Dossier : IMM-3624-22

Référence : 2023 CF 969

Ottawa (Ontario), le 17 juillet 2023

En présence de madame la juge St-Louis

ENTRE :

NADJE EPSE ZADI

OHILIBO MARIE CHANTAL

demanderesses

et

LE MINISTRE DE LA CITOYENNETÉ ET DE L'IMMIGRATION

défendeur

JUGEMENT ET MOTIFS

I. Introduction

[1] Mme Nadje Epse Zadi, la demanderesse, sollicite le contrôle judiciaire de la décision du 4 avril 2022 par laquelle la Section d’appel des réfugiés [la SAR] a confirmé la décision de la Section de la protection des réfugiés [la SPR] selon laquelle Mme Nadje Epse Zadi n’a ni la qualité de réfugiée au sens de la Convention ni celle de personne à protéger en vertu des articles 96 et 97 de la Loi sur l’immigration et la protection des réfugiés, LC 2001 c 27 [la Loi sur l’immigration].

[2] Tant la SPR que la SAR ont rejeté la demande d’asile de Mme Nadje Epse Zadi au motif que cette dernière dispose d’une possibilité de refuge intérieur [PRI] viable à Yamoussoukro, San Pedro et Daloa en Côte d’Ivoire.

[3] Pour les motifs qui suivent, et tenant compte de la norme de contrôle applicable, je rejetterai la demande de contrôle judiciaire.
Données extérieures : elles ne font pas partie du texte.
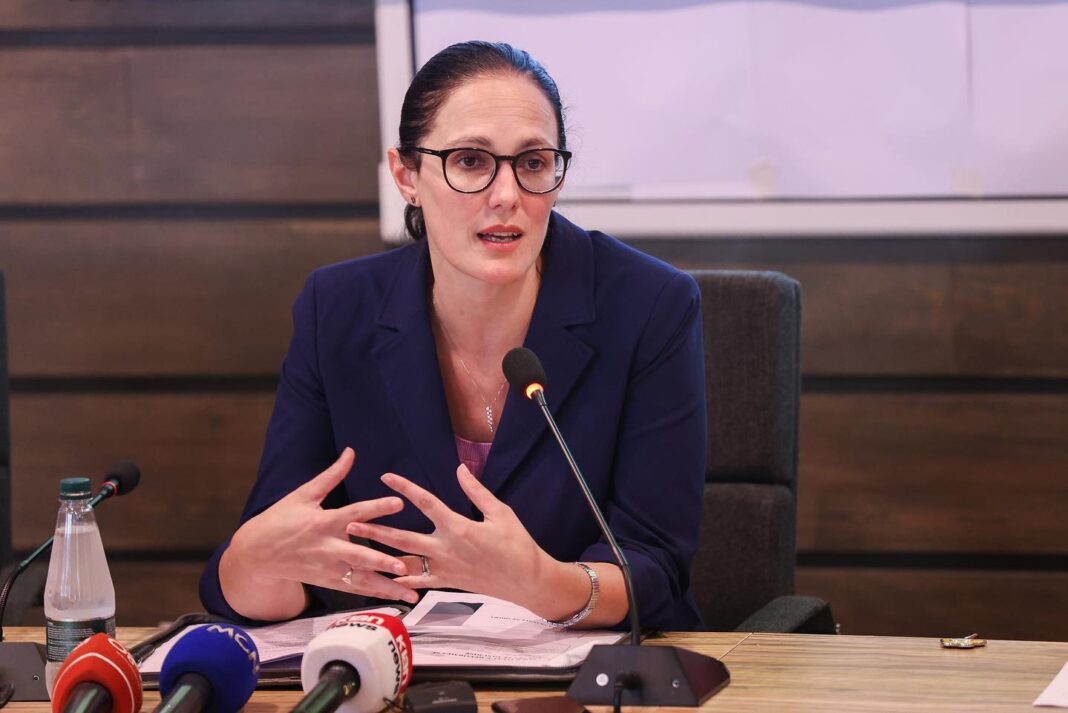 ‘Thashethem vere’! Përgënjeshtrohet lajmi për shkarkimin e ministres së Financave Delina Ibrahimaj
La demanderesse n’a pas démontré que la décision de la SAR est déraisonnable.

II. Contexte

[4] Mme Nadje Epse Zadi est citoyenne de la Côte d’Ivoire. Le 5 juin 2019, elle arrive au Canada munie d’un visa de visiteur et elle demande ensuite l’asile alléguant risquer la mort si elle rentre en Côte d’Ivoire.

[5] Le 14 juin 2019, Mme Nadje Epse Zadi signe son formulaire de Fondement de la demande d’asile. En bref, elle allègue craindre d’être persécutée par un ancien camarade de classe en raison d’un désaccord survenu lors d’un débat étudiant qui aurait eu lieu entre 2007 et 2010. Selon ses allégations, cet ancien camarade de classe, Moussa, partisan du président Alassane Ouattara, voudrait s’en prendre à Mme Nadje Epse Zadi vu l’appartenance de cette dernière au même groupe ethnique que l’ex-président Laurent Gbagbo et vu ses opinions. En 2011, il aurait pillé la maison de Mme Nadje Epse Zadi et y aurait mis le feu; et le 15 décembre 2018, il serait entré dans son domicile avec trois individus pour la battre et l’agresser sexuellement. L’agent de persécution aurait aussi enlevé le conjoint de Mme Nadje Epse Zadi alors qu’elle se serait réfugiée chez une amie.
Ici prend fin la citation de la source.